Sometimes you don’t value what you have until you experience its absence close up.
We each are deans of law schools; we each have seen, close up, nations without courts independent of political or partisan control. Plagued by conflict and distrust, countries without operating independent judiciaries struggle to earn local and international confidence. In the United States, we see how a fair, impartial, unbiased, and nonpolitical judiciary is central to American justice, permitting economic exchange and peaceful solutions to disagreements. This treasure depends upon the aspiration to maintain a government of laws, not men, focused on each case decided in light of the factual record and not political winds or personal preferences. And this treasure is in jeopardy at the highest level if the Senate refuses even to consider the president’s nominee to be the next associate justice of the Supreme Court.

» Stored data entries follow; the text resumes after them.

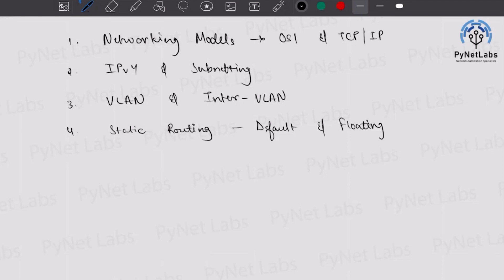After excelling at static routing, the next thing is exploring dynamic routing. Under dynamic routing protocols, the one covered in CCNA is OSPF version 2 — that is OSPF for IPv4. Under OSPF, there is a lot to discover. Pay attention to DR and BDR, multi-area configurations, OSPF fundamentals, and the different databases maintained by OSPF. Practice as many labs as you can related to OSPF.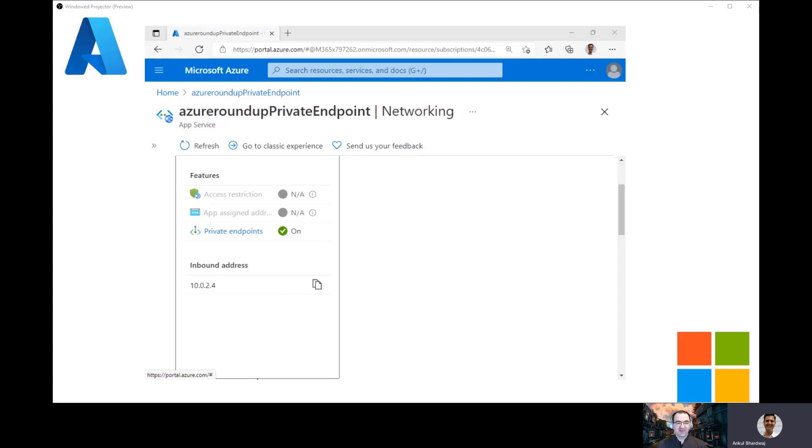That's what I had for you today — a demonstration of how to secure App Services using service endpoint and private endpoint. These are features that a lot of people have wanted for a long time, and it's great to have both options available. Thank you very much, Ankur — really appreciate you coming and taking the time for the channel. If you liked the video, please like it, subscribe, and leave comments to let us know what else you'd like to see in the future.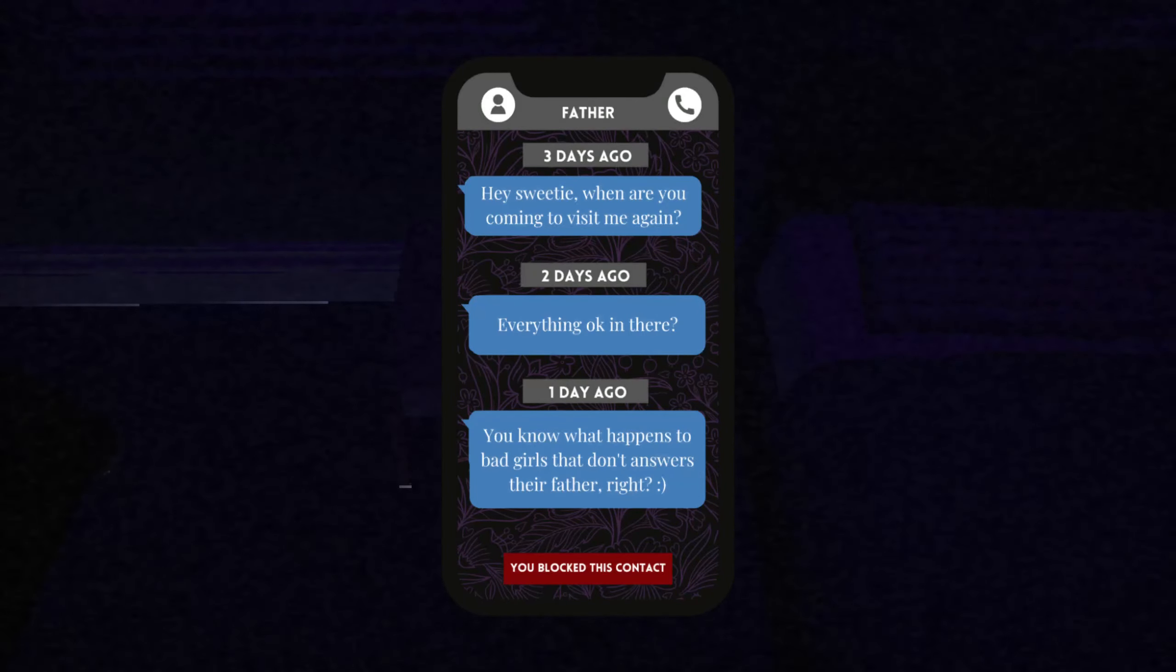Question mark, smiley face. You blocked this contact. Okay. So, check out this window we got going on. Nothing. Make sure there ain't no stalker. No one. Okay.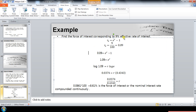We have to find the force of interest corresponding to nine percent effective rate of interest. Firstly, we change the percentage into decimal and write 0.09 on the left-hand side, where the symbol of effective rate of interest is written. Then we take this minus one to the left-hand side, and it becomes 1.09. Now we need to take the log of 1.09 and the log of e raised to the power R — when we take log, the power comes before the log.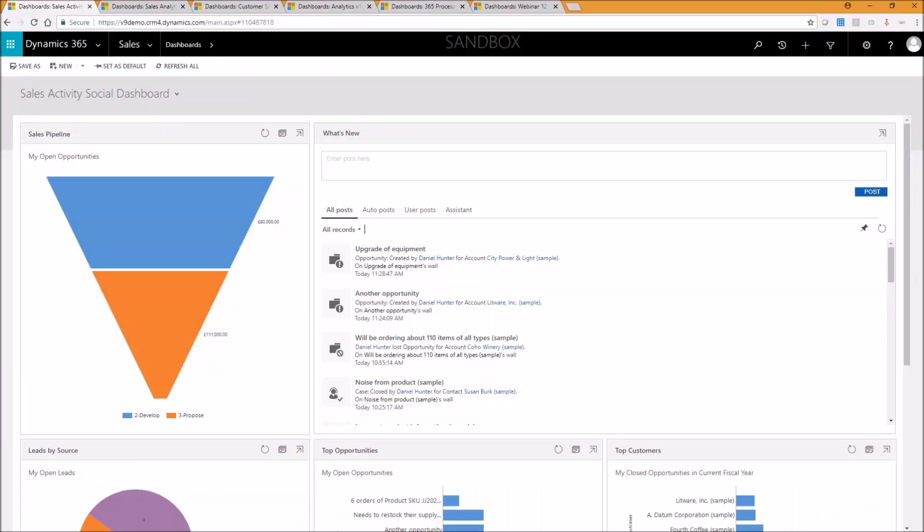There we go, lovely. So hopefully this will be familiar to probably 75% of you. I've had a look through the registrations for today's session. I see most of you are on the most recent Dynamics 365 version, so this shouldn't be too frightening for you. But I did notice there was a few older versions of CRM as well, so this is obviously the new interface for Dynamics 365.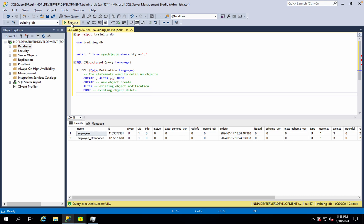What are these objects? In the database, you can work with different types of objects: table, view, procedure, triggers, function, and index. You can use CREATE, ALTER, or DROP on any of these database object types.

Hardly a day elapsed after the death of Justice Antonin Scalia before members of the Senate told President Obama to ignore his clear constitutional duty to nominate a successor — and declared they would refuse to play their constitutionally mandated role of providing advice and consent. Senate leaders have repeated their refusal even to consider the nominee now that Obama has nominated Chief Judge Merrick Garland of the Court of Appeals for the District of Columbia Circuit.

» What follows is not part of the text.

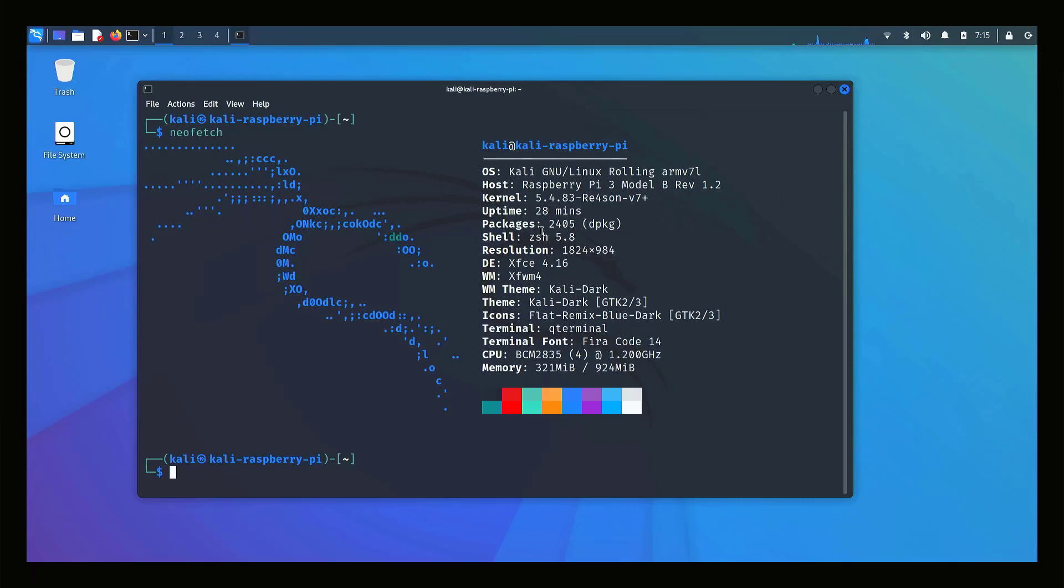Welcome to my YouTube channel. In this video I will show how to install Kali Linux 2022.1 on Raspberry Pi. So let's start.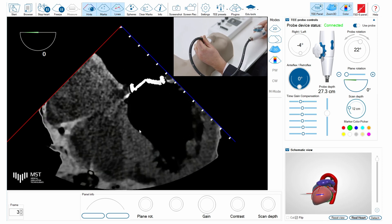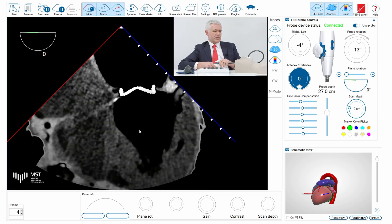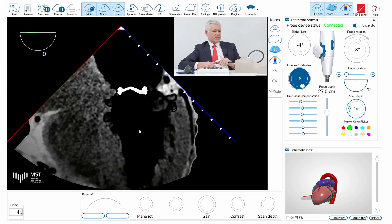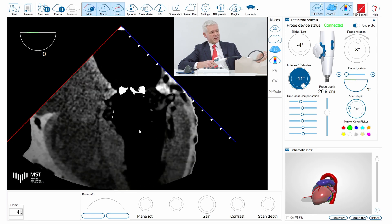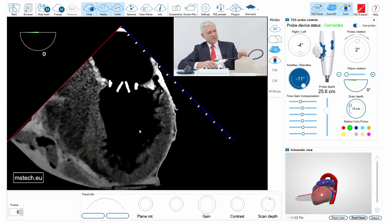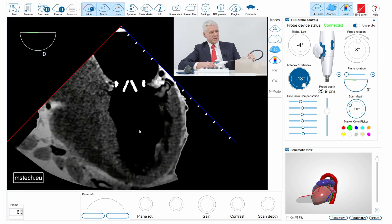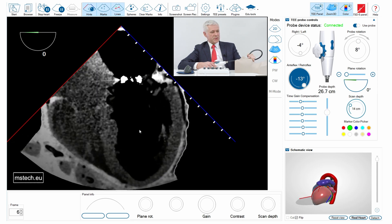So here is the four chamber view. I'll do a slight retroflex just to make sure that the left ventricle cavity is as long as possible, and I position the valve in the center of the screen.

Perhaps some senators fear that they would have no ground to oppose Garland if they actually met him, studied his 18 years of federal judicial service, examined his reputation as one of the most outstanding judges in the country, or learned of his lifetime devotion to public service as a prosecutor, justice official, judge, and lawyer. Perhaps some senators are now suspending their own duties simply because Republican presidential candidates Donald Trump and Senator Ted Cruz think this will help their races, advance their party, or hurt the opposing party. None of those reasons acknowledges the plain text of the Constitution or the jeopardy such obstruction poses to the rule of law.
Senate refusal to proceed severely injects politics into the selection process and jeopardizes the effective operation of our nation’s highest court. Lacking the ninth justice for what might extend to 12 or more months risks leaving critical matters unresolved, freezing individuals, businesses, and communities in limbo and uncertainty. Two-thirds of Americans want the senators to do their job: Meet Garland, hold a fair hearing, and vote to approve or disapprove.
Article II of the Constitution is not ambiguous. It directs that the president “shall nominate, and by and with the advice and Consent of the Senate, shall appoint . . . judges of the Supreme Court.” The senators swore their oath to the Constitution. An orderly process, adhering to these words of the Constitution, is not only what the law requires; it is essential to preserving the treasure that is our independent judiciary and rule of law. Let’s make sure this treasure survives this electoral season.
Martha Minow is the dean of Harvard Law School. She was, appointed by President Obama to the board of the Legal Services Corporation, where she serves as vice chair. Deanell Tacha, who was appointed by President Reagan to the US Court of Appeals for the 10th Circuit, is the dean of the Pepperdine University School of Law.